Restate the listing that follows word for word, without its pictures.

(GIVEN INFORMATION)

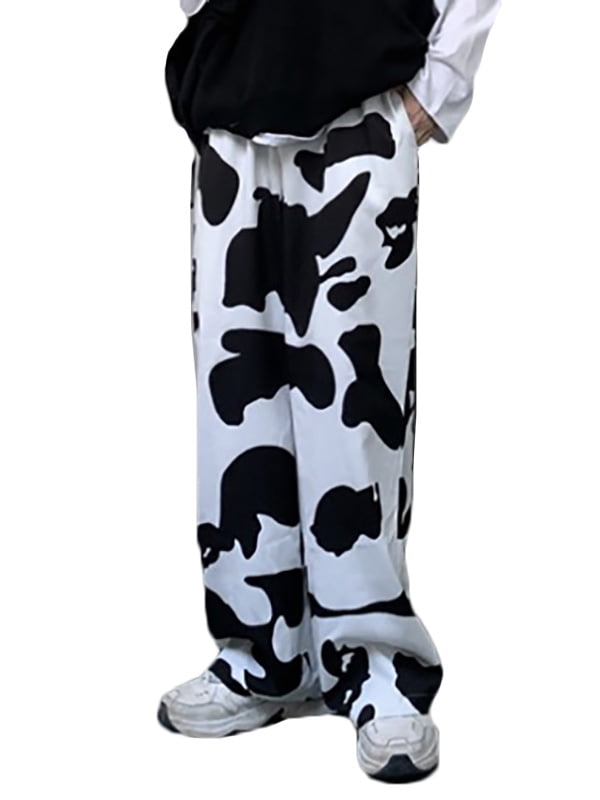 Fashion Elastic Waist Cow Printed Pants 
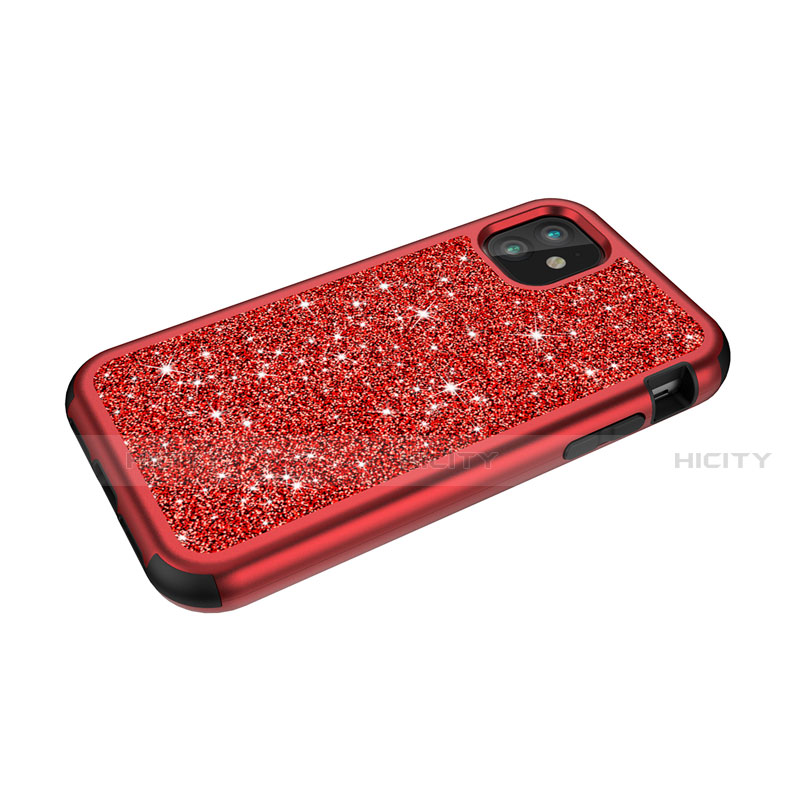 Funda Bumper Silicona y Plastico Carcasa Frontal y Trasera 360 Grados Bling-Bling para Apple iPhone 11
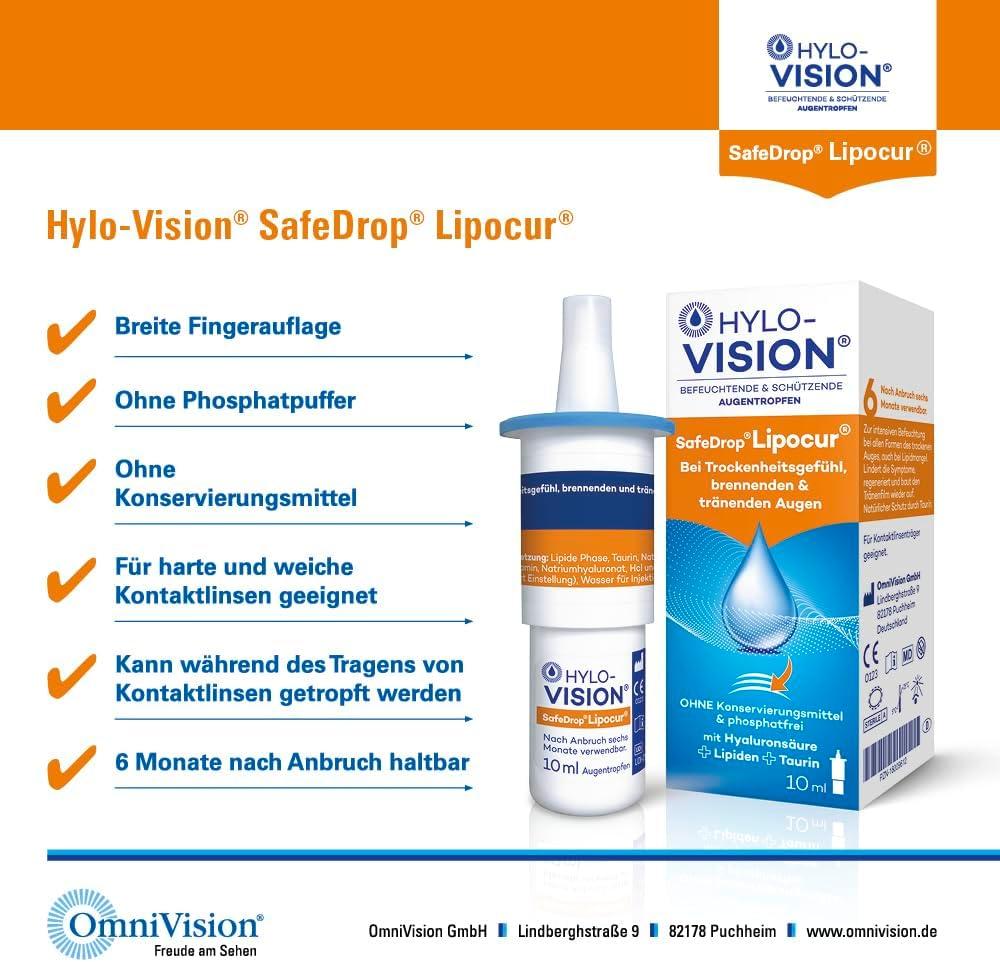 Hylo-Vision Safedrop Eye Drops - 3-Fold Protection for Dryness ...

(End GIVEN INFORMATION)

* **RESULT**
 Fashion Elastic Waist Cow Printed Pants 
 Funda Bumper Silicona y Plastico Carcasa Frontal y Trasera 360 Grados Bling-Bling para Apple iPhone 11
 Hylo-Vision Safedrop Eye Drops - 3-Fold Protection for Dryness ...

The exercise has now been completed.